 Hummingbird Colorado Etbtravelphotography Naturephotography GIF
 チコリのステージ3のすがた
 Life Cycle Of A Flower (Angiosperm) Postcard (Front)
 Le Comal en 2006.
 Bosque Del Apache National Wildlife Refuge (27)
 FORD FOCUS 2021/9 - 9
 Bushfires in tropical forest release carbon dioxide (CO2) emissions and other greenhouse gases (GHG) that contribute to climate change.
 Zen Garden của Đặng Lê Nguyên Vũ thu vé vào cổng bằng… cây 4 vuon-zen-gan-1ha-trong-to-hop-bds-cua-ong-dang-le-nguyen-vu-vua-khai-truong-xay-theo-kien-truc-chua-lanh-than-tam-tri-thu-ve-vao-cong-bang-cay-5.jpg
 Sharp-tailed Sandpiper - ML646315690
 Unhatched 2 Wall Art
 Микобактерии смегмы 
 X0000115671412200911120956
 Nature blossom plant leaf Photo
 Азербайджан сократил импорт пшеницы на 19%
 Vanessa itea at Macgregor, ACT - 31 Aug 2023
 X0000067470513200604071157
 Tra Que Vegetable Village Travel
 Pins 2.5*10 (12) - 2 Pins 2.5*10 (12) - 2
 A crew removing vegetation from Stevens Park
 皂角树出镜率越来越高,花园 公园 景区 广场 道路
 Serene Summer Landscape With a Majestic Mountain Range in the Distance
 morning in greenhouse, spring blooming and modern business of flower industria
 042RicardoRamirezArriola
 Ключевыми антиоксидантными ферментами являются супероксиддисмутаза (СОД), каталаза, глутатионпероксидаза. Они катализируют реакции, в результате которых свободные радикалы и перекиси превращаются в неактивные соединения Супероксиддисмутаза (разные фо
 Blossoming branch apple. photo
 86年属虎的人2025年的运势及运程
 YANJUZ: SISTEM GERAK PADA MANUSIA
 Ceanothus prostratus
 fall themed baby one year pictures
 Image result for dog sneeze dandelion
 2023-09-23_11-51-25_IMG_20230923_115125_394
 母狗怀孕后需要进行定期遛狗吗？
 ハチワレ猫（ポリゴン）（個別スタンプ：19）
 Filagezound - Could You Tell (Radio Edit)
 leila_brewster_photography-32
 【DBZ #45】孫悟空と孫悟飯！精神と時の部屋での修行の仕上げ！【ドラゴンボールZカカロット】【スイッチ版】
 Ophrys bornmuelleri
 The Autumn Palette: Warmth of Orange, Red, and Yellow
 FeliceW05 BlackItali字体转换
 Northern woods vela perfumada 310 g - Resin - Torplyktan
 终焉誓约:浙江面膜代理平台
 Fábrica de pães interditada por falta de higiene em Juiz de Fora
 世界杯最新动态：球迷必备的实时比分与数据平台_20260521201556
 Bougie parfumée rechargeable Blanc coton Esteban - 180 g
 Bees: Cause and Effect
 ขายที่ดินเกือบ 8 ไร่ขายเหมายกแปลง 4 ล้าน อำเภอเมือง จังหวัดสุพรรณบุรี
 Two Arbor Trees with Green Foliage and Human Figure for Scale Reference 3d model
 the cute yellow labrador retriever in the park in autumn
========================================
▶ [PROBLEM STATEMENT]:
Say how many lines in the entries contain the string "greenhouse", and say nothing else.

▶ [RESPONSE TO THIS EXERCISE]:
2